Pouco depois de toda a polêmica, o jornal Gazeta
Mercantil publicou uma pesquisa sobre os cinco
religiosos mais influentes do Brasil. Chico Xavier
apareceu num honroso quarto lugar (com 9,52% dos votos),
seguido por Dom Eugênio Sales (9,17%). Nas primeiras
posições apareceram dom Paulo Evaristo Arns (13,06%),
dom Hélder Câmara (11,49%) e dom Aloísio Lorscheider
(11,39%).
No
artigo do jornal, o "líder espírita" era definido como
"dono de forte magnetismo pessoal", capaz de arrebanhar
adeptos com extrema facilidade. Mais tarde, Chico
receberia cartas de apoio de padres.

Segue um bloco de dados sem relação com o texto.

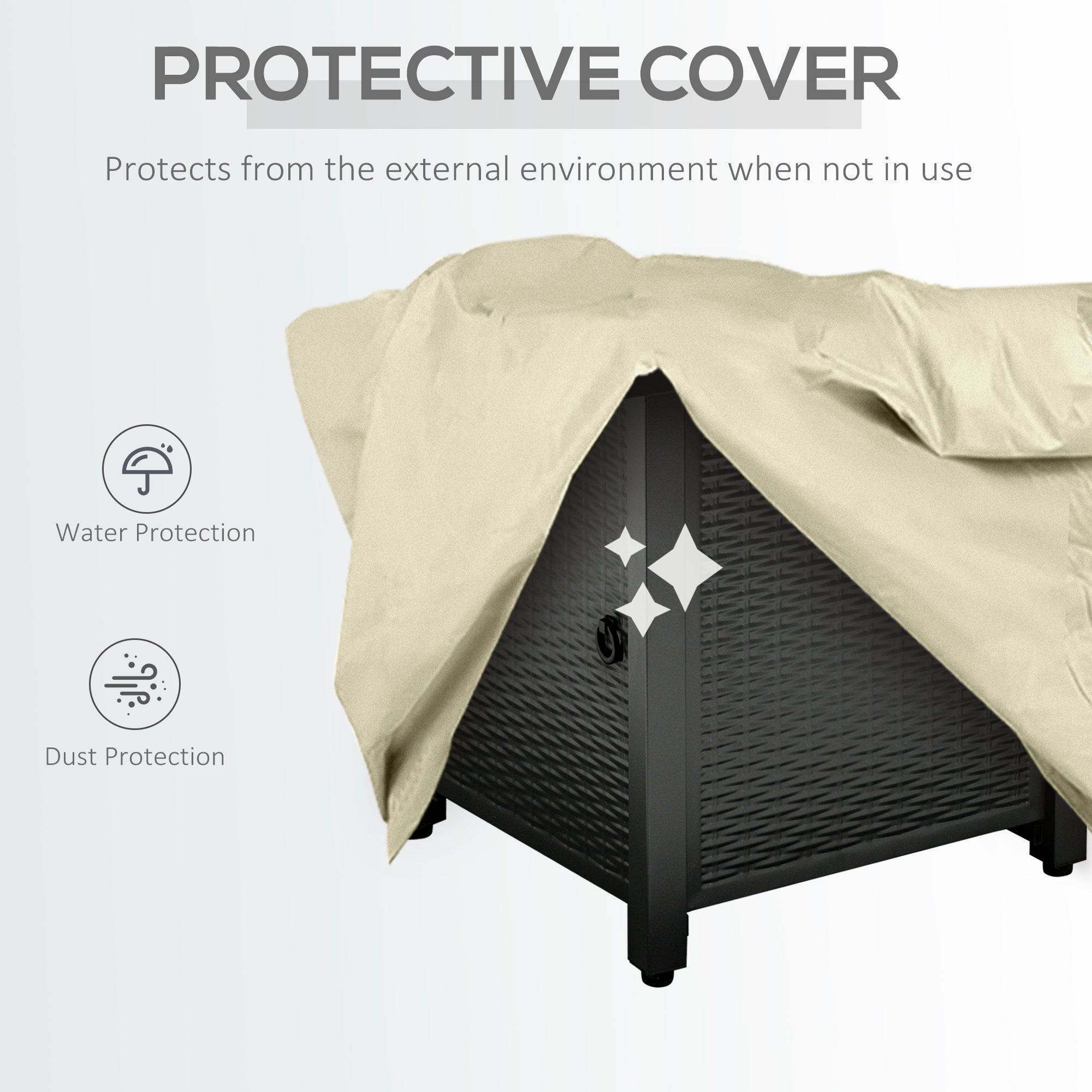 Kozy Square Propane Gas Fire Pit Table, 40000 BTU Rattan Smokeless Firepit Patio Heater with Protective Cover, Lava Rocks and Lid, 71cm x 71cm x 62cm, Black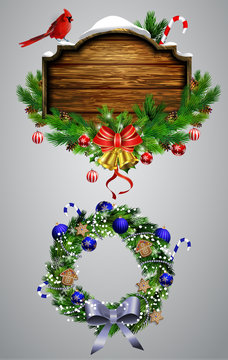 Vector wooden christmas board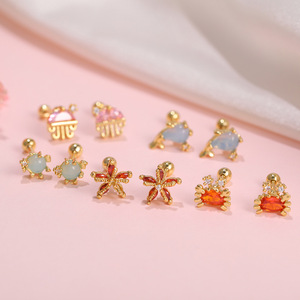 Nuevos y bonitos pendientes de pez océano de playa para mujer, pendientes de bola giratorios de animales marinos Vintage - Product Image 2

Um dos remetentes
foi o padre Milton Santana, já idoso, responsável pelo
Centro Social Paroquial Nossa Senhora de Fátima, em
Campinas: "Chico, acompanho-o na sua missão de quem se
conscientizou que ‘servir é o destino das grandes
almas’. Bondade assim só consegue quem está em comunhão
com Deus pelo serviço ao outro, ao próximo". Quase vinte
anos depois, textos escritos por Chico e assinados por
Emmanuel e André Luiz estariam estampados nas contra
capas de milhares de cadernos. Impressos pelas Escolas
Profissionais Salesianas, dirigidas por padres. Em
"Calma", por exemplo, André Luiz pedia: "Se você está a
ponto de estourar mentalmente, silencie alguns instantes
para pensar..." Os cadernos só não citavam o nome de
Francisco Cândido Xavier. Bispos, cardeais e espíritas
discutiam e Chico era homenageado. No dia 22 de setembro
de 1972, ele foi à Assembleia Legislativa do Rio de
Janeiro receber o Título de Cidadão do Estado da
Guanabara. Galerias e plenário ficaram superlotados.

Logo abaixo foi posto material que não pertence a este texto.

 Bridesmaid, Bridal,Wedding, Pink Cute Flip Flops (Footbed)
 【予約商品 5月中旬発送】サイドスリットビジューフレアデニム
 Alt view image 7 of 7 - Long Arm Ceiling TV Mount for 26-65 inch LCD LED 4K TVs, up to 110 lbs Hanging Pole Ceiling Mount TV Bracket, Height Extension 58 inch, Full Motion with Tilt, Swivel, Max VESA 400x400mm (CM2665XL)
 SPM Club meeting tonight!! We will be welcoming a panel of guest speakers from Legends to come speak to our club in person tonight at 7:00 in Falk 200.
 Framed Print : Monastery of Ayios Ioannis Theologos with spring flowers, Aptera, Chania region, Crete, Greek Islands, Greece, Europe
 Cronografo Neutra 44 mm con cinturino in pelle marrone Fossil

Entre os convidados, estava o almirante Silvio Heck. O
discurso militarista de Chico Xavier ainda rendia
dividendos.
O
ex-ministro da Marinha, um dos telespectadores atentos
do segundo Pinga-Fogo, estava empolgado. Para
ele, Chico era uma prova do que Gandhi um dia afirmou:
"Se um dia um único homem atingir a mais elevada
qualidade de amor, isto será suficiente para neutralizar
o ódio de milhões".
Chico Xavier surpreendeu o público com um longo discurso
improvisado, repleto de dados históricos precisos e de
nomes e sobrenomes das "autoridades presentes", sem
recorrer a qualquer texto.
Mais uma vez, ele insistiu na humildade. Disse não ter
qualidades para receber "semelhantes honrarias" e se
definiu como uma parede arruinada, sobre a qual se
pregava um cartaz anunciando os ensinamentos de Jesus.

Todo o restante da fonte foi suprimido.